To me it seemed that his opinions and public statements which varied over his lifetime, always reflected his viewpoint on how events affected him personally, rather than on how they affected the world and those outside of Sth Africa.
Although he was a powerful figure for change in Sth Africa, his world outlook was rather naive and unsophisticated.
Perhaps due to his circumstances and imprisonment, that is quite understandable.
His later life attitudes to peace and reconciliation did not translate into Sth African policy towards Israel for example.
He did not speak out when the infamous Durban Conference became THE platform for anti-Semitism.
On the campaign to tar Israel with the false apartheid brush, he usually spoke in a double negative so that one could not claim he said Israel was an apartheid state, but neither could one claim that he did not infer it either.
He visited Australia during my term as President of the Zionist Federation, not too long after 13 Iranian Jews were arrested on trumped up charges in Iran.
There were a group of us assembled when he walked into the room.
I will never forget that entrance, physically large but with an even larger presence – he simply had that indefinable charisma, gravitas, aura, modesty, smile, gentleness and an apparent total lack of ego – all wrapped into the one person.
Yes, I was much moved.
And yes, he charmed me.
And yes he convinced me he was sincere.
Which is why I wrote earlier about his naiveté.
He was complimentary of South African Jewry and spoke of their contribution to South African life in general and to reconciliation.
He unequivocally condemned antisemitism.
Mandela is the only person I have ever heard who convinced me that he personally could be both a true opponent of antisemitism and at the same time an opponent and/or serious critic of Zionism, at least as he understood it.
He explained that he supported Arafat because Arafat had supported him, but stressed his support for the State of Israel.
He was as unclear as it was possible to be on what that meant – the real differences between Zionism and the State of Israel as he saw it – but he was quite clear on his view that Israel’s misconduct began from her establishment and earlier, and not merely from 1967.
Mandela certainly did not want to throw even one Jew out of Israel, but he seemed to be supporting a binational state with a Jewish minority.
He was convinced that not a single Jew would be harmed in such a state, nor would Jewish observance or rights be in any way impeded.
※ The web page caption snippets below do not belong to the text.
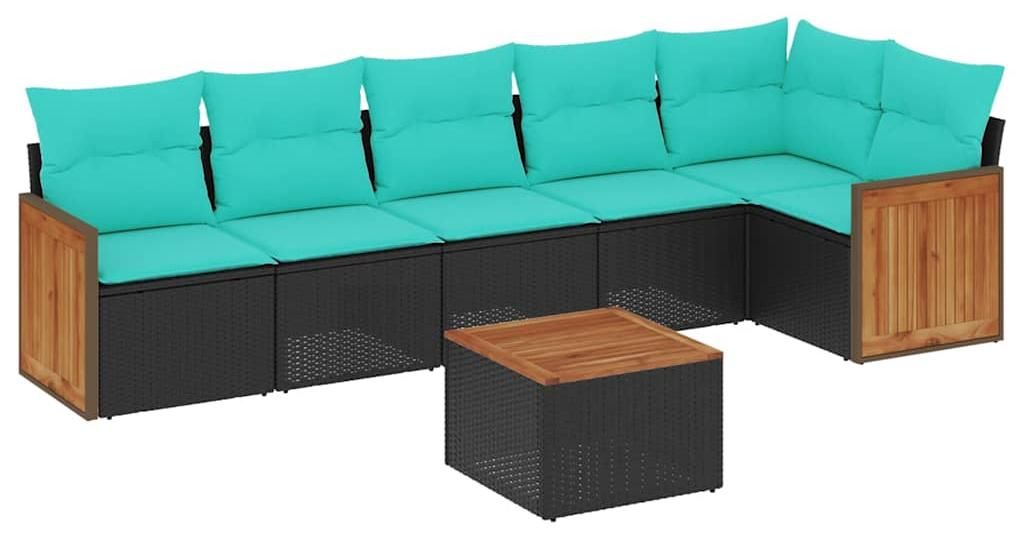vidaXL 7-teiliges Gartensofa-Set mit Kissen, schwarzes Polyrattan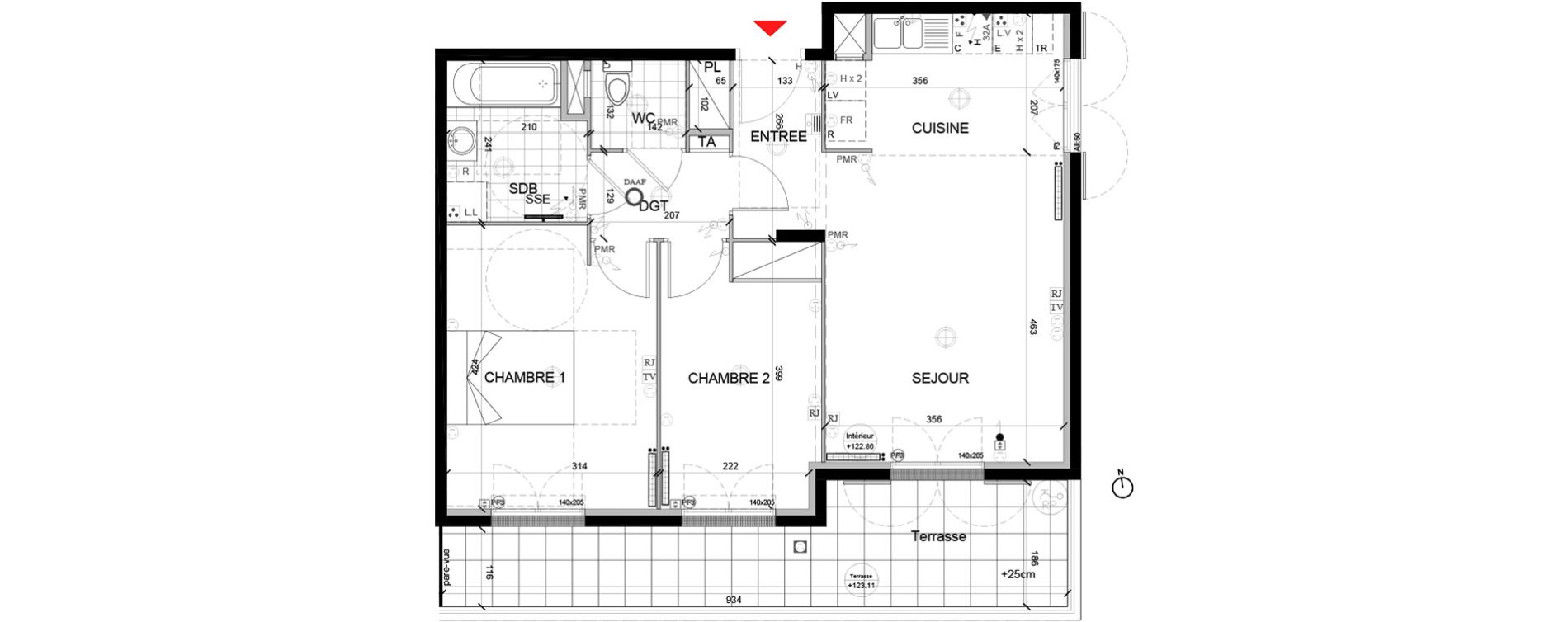 Appartement T3 de 59,25 m2 &agrave; Mont&eacute;vrain Centre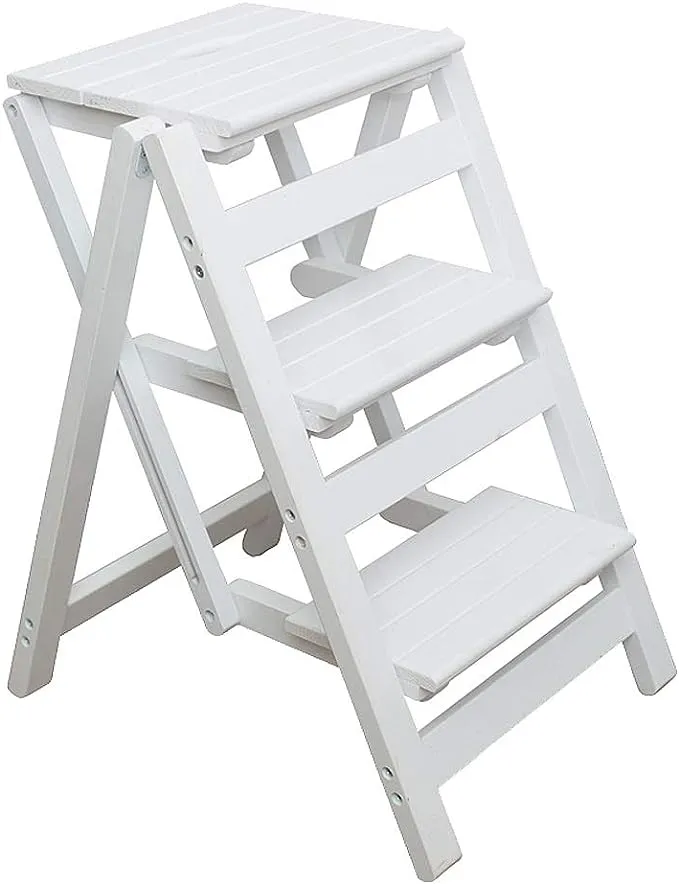 KINGBO Step Stool for Adults/Step Ladder/Counter Chair, 3-Step Folding Portable Wooden Step Stool, Anti-Slip & Lightweight (White)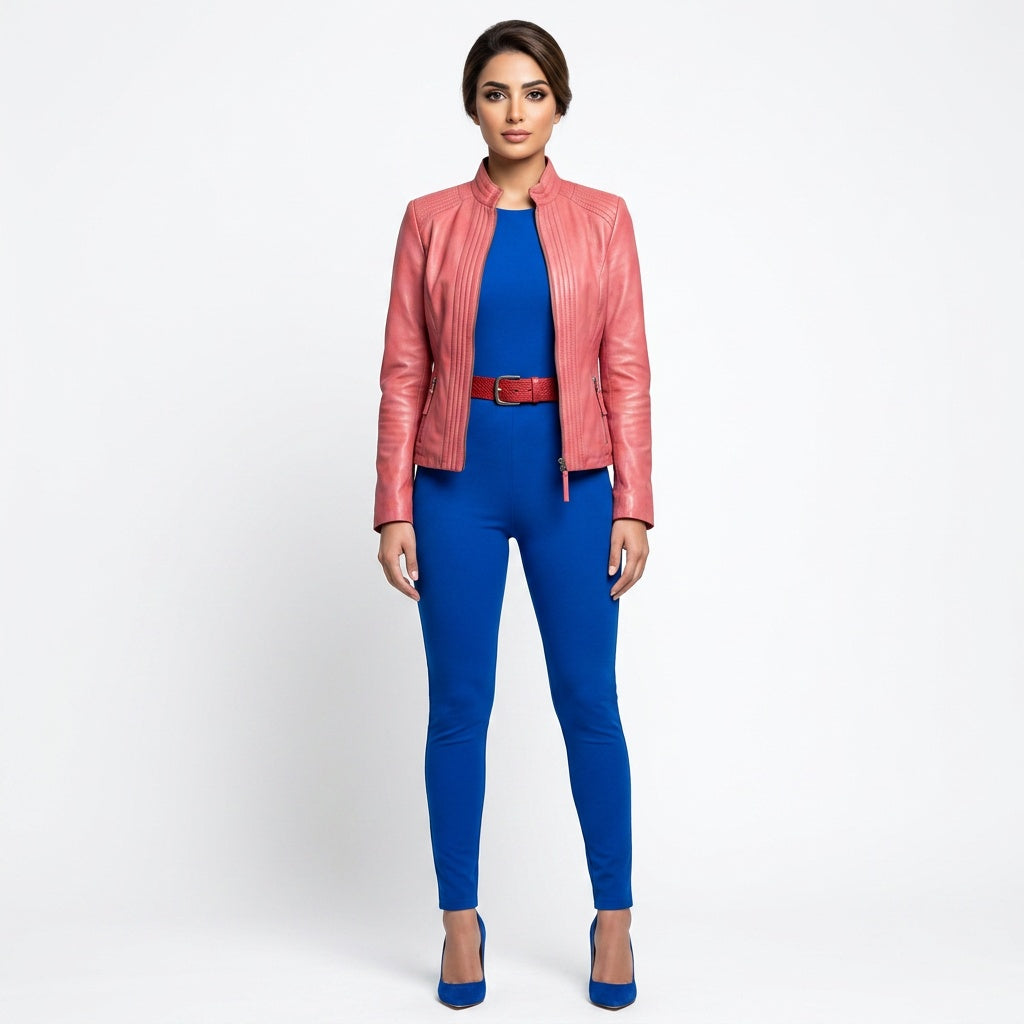 Ladies red leather jacket.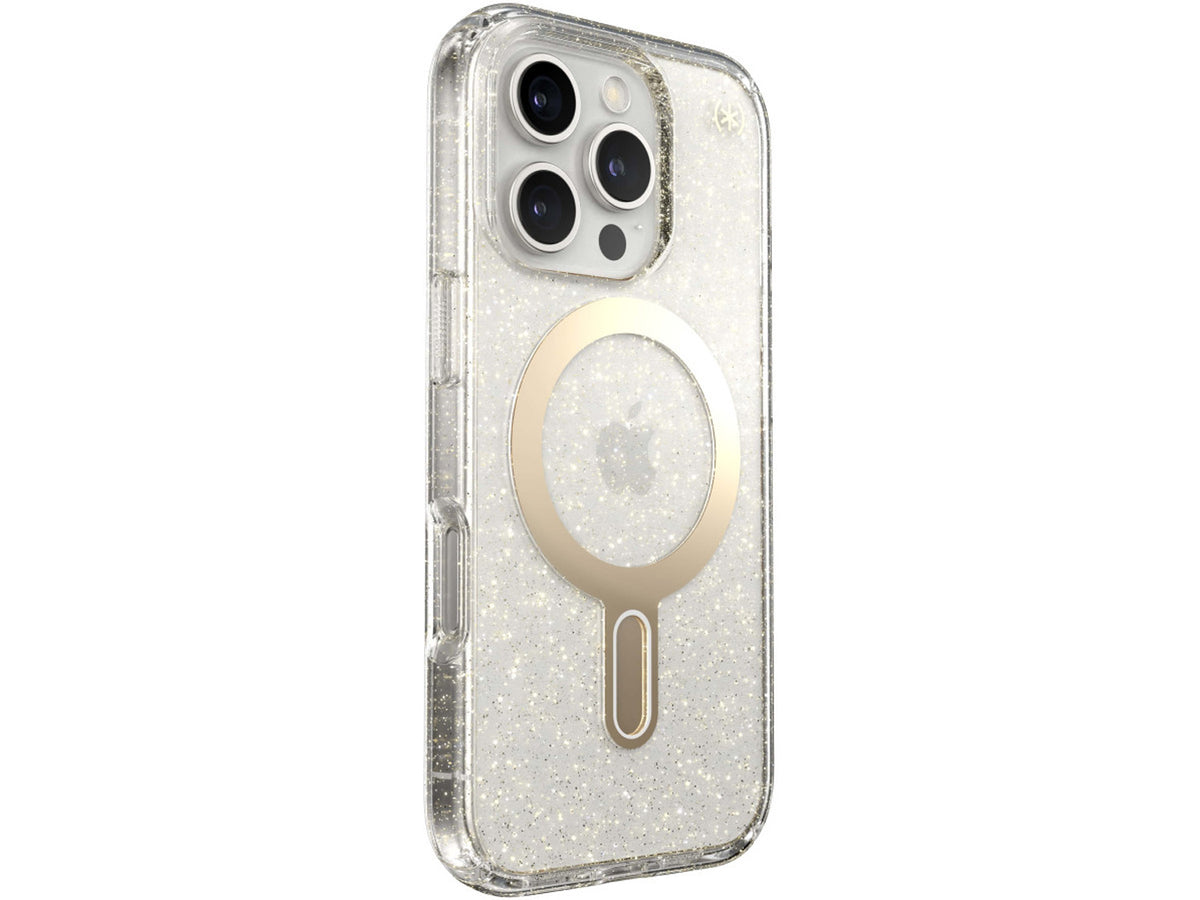 Speck iPhone 16 Pro, Presidio Lux Glitter MagSafe+ClickLock, Clear/Gold Glitter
He seemed either blind or oblivious to the general human rights violations in the PA and surrounding Arab countries. It was all just dismissed with a wave of the hand.
Mandela also assured us, with what seemed like total conviction, that the Iranians would give the 13 Jews a fair trial.
He told us that the Iranian Justice system was fair.
Mandela seemed absolutely sincere in these beliefs and having recently come from Iran as he told us, being directly and personally promised as such by the Iranian leadership.
And that was it, end of story for him. He was given a personal assurance by people he respected and therefore he believed it.
Whilst doubting the credibility of his assurances, I do not think anyone in the room doubted his sincerity in his own belief in them.
Mandela was a great symbol and a very impressive man.
It is quite something to have someone espouse the views he did, or have the blind spots he sailed through and yet have me in quite some degree of awe – I guess it was that sort of quality that made him unique.